A alma já não aguenta esta tempestade de palavras.
Umberto Eco põe-nos de sobreaviso ao alertar para o poder perverso da linguagem. Esta tanto serve «para dizer a verdade como para criar coisas que não existem, fazendo crer que têm existência real».
A força da falsificação - exorta o sábio - é muito grande e deveras tentadora. No princípio, desconfia-se. Mas, à força da insistência, acolhe-se.
Estes são tempos em que a imprevidência nos tenta e nos arrebata. Tudo entra em nossa casa sem filtro, sem critério e sem selecção. Damos crédito a qualquer coisa. Os vendedores de ilusões e os pregadores de catástrofes sabem disso.

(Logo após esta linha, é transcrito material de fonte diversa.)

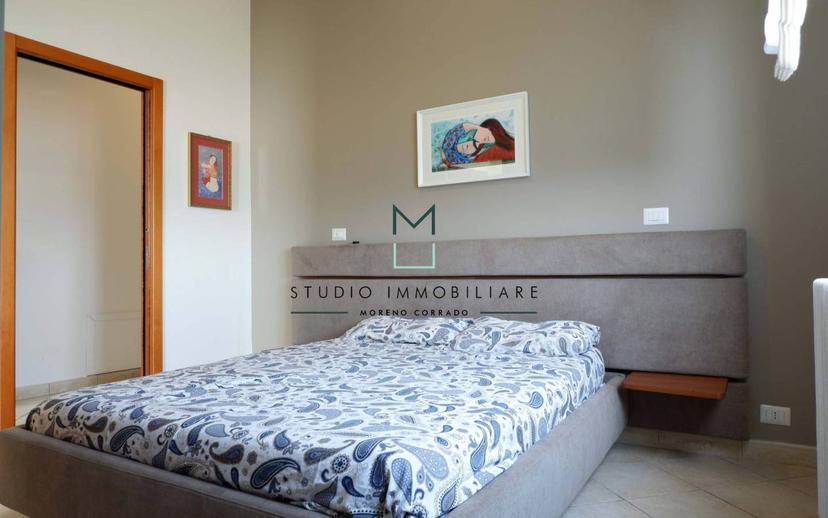 Trilocale Contrada Pennini 14, Valle, Pennini, Sant'Eustachio, Avellino — foto 17 di 32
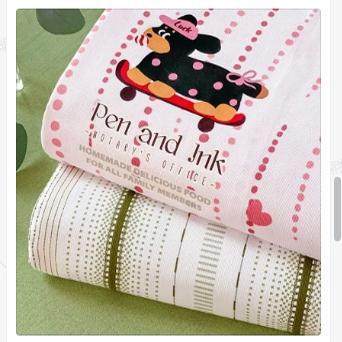 A类加厚纯棉老粗布床单单件全棉亚麻宿舍被单双人枕套2床笠三件,收纳整理,烫衣板及配件,淘宝优惠券,粉丝福利购,淘宝优惠卷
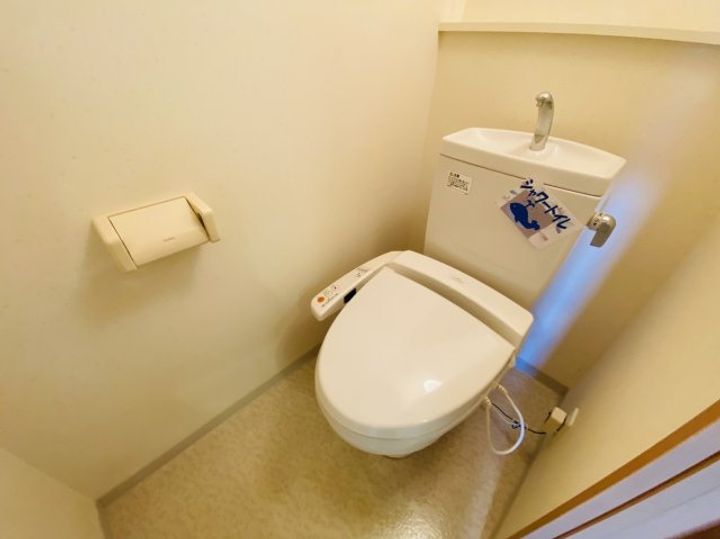 大阪府大阪市阿倍野区美章園2(マンション)の賃貸物件の内装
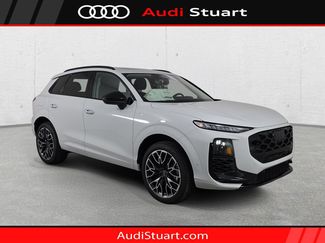 New 2026 Audi Q3 quattro 2.0T AWD/4WD 360° Tour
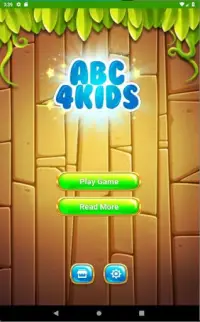 ABC4 Kids Lite Screen Shot 6
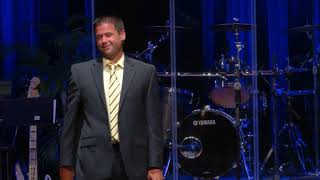 Jesus True And Better Incarnation 081218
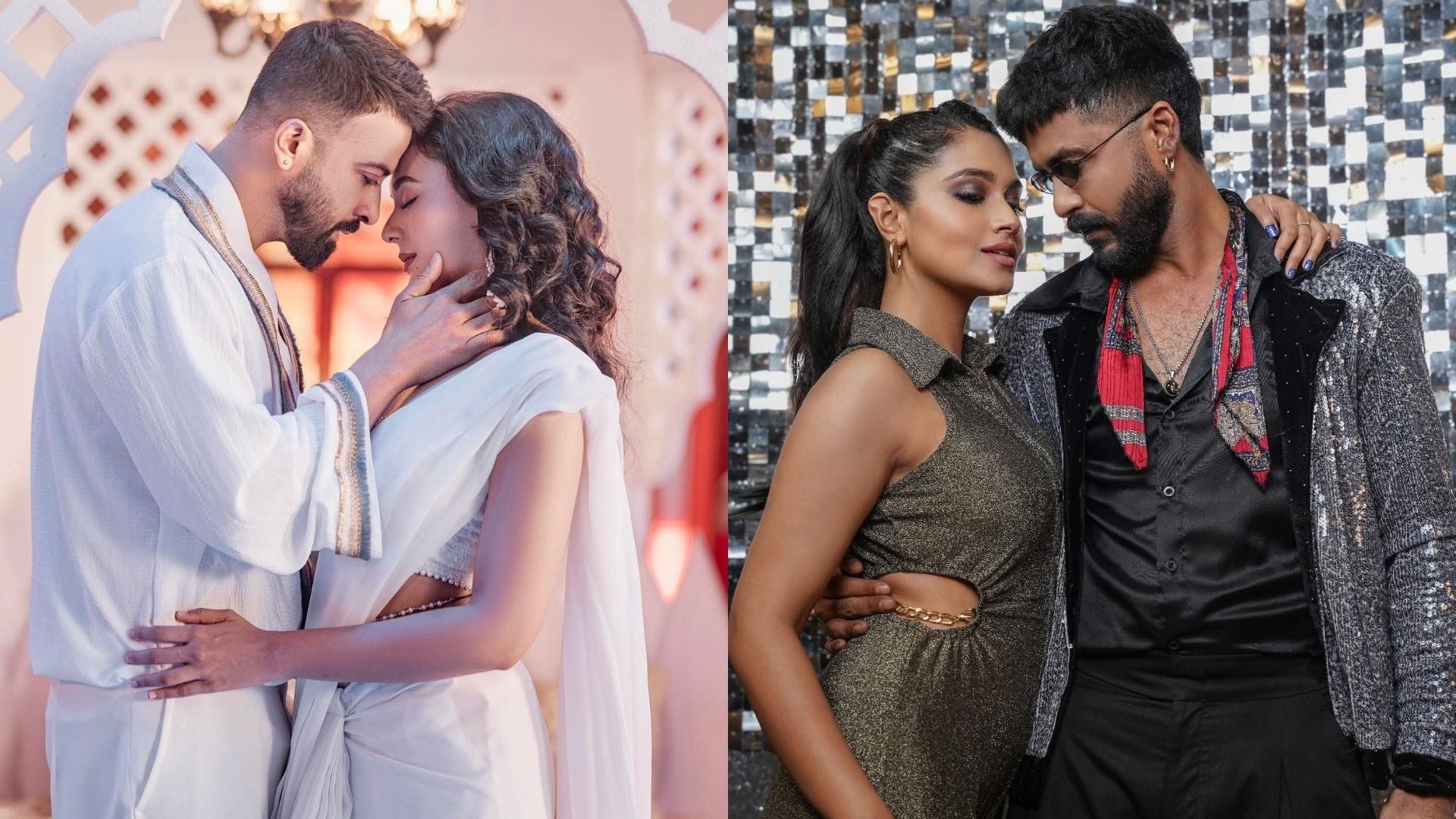 ঈদ সিনেমার যেসব গান পছন্দ করছেন দর্শক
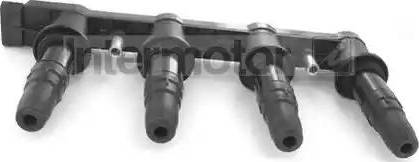 Standard 12154 - Ignition Coil autospares.lv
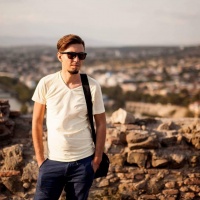 Photographer Anton Vaskevych | Reviews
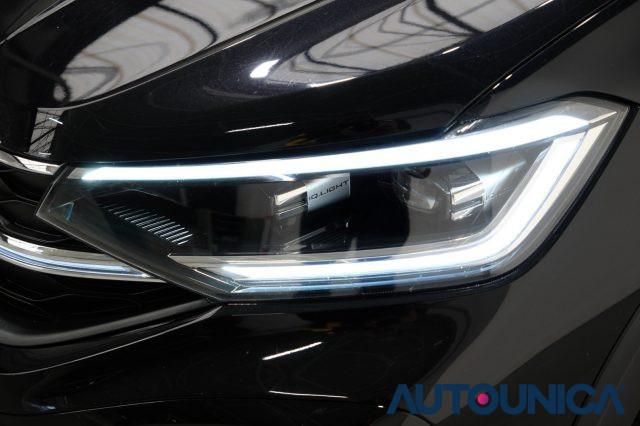 VOLKSWAGEN Taigo 1.0 TSI 110 CV DSG R-LINE TETTO PANORAMA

Um pedido, por isso, aos que nos aparecem, a cada passo, com declarações, réplicas e tréplicas. Se não nos podem oferecer a verdade nas palavras, não nos privem, ao menos, da serenidade do silêncio.
É em alturas como esta que mais razão dou a Kahlil Gibran: «O silêncio dos homens está mais próximo da verdade do que as suas palavras».
Senhores governantes, políticos, economistas e comentadores: moderem as vossas palavras e oiçam o eco do nosso silêncio.
No que não é dito jaz muita dor. E subjaz muita desesperança.
Não deixem de ouvir quem já só espera nada esperar.